AM: 1x30minute walk, almost entirely free running. They have their leads on to cross the road there and back, and that’s it.

AM/PM: 1×30 minute walk, again almost entirely free running, OR 15mins agility or flyball training (not always over equipment).

PM: 1×45-60minute walk, free running again.

On weekends, they’re at flyball training from 9am ’til 12pm Saturday, although they’re only actually running for 2×15-20min sessions, and that depends on exactly what we’re working on. On Sunday they either get a 60-90 minute walk in the afternoon which replaces the 30minute walk in the normal routine, or Kim and Dylan go agility training for an hour or so. Mollie gets a day of rest, but she’s an older lady!

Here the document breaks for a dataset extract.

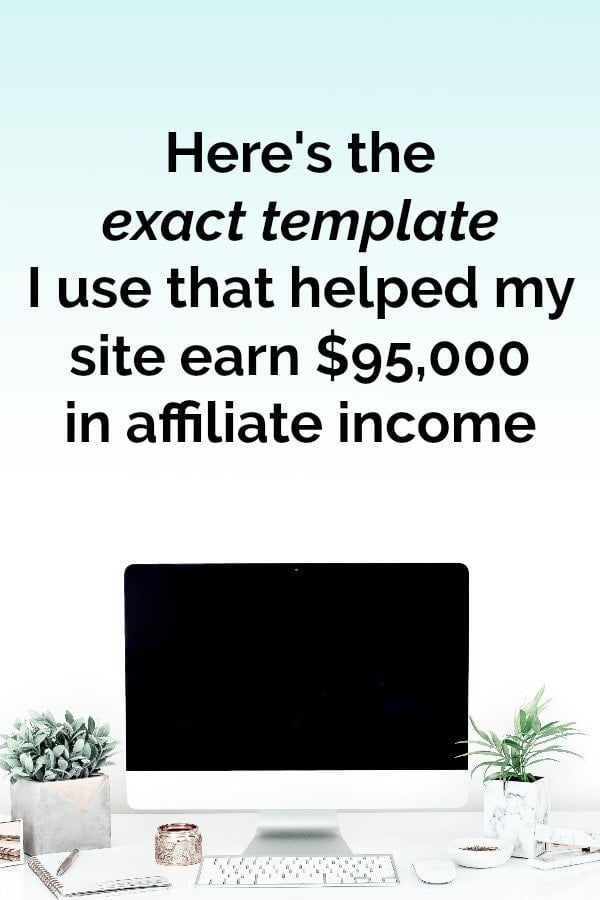 The exact template I use that helped my site earn $95,000 in affiliate income last year #affiliateincome #affiliate #howtomakemoneyblogging #waystomakeextramoney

Tuesdays and Wednesdays during the summer they skip the evening walk, as it’s agility (Tues) and flyball (Wed) training. Mollie doesn’t do agility, but she more than makes up for it at flyball the day after! Evening walk is usually a bit shorter on Fridays, probably about 30mins, especially if we’re competing the next day.

In addition to all that, all three now do a handful of hill reps. This is, apparently, the most fun in the world. Not quite as much fun as flyball, which is the most fun ever imagined anywhere in the universe, but pretty good. Hill reps, for those of you who don’t do athletics (or have family members that do!), is a fairly simple concept. You work on the uphill for 30 seconds, jog back down, power up hill for 30 seconds, jog back down, and so on. Builds up stamina, strength and speed. You increase the number of repetitions depending on your fitness.

We started doing this earlier this week for two reasons. A) Give Mollie an extra workout, and B) encourage Dylan’s chase/race instincts. Me at the bottom of the hill, mother at the top with the precious toy. I hold all three dogs (which isn’t as difficult as it sounds!) and then release them, individually or in pairs, about 0.5-1 second apart. Dylan goes second or last, never first at the moment.

Our hill is about 75m from bottom to top, it’s reasonably steep but not ridiculous.  It’s about 10 mins into our walk so the dogs have warmed up properly, and we currently do 3-4 reps, and then carry on. Hill reps are only part of the evening walk, but now the favourite part. As soon as we get to the hill the dogs all shoot off to the bottom and wait for everyone to get into position. Clever dogs!

This is a pretty boring post, but I’ll let you know if the hill reps seem to have made a difference when we get to Middlesbrough in May, and hopefully get back under 20seconds.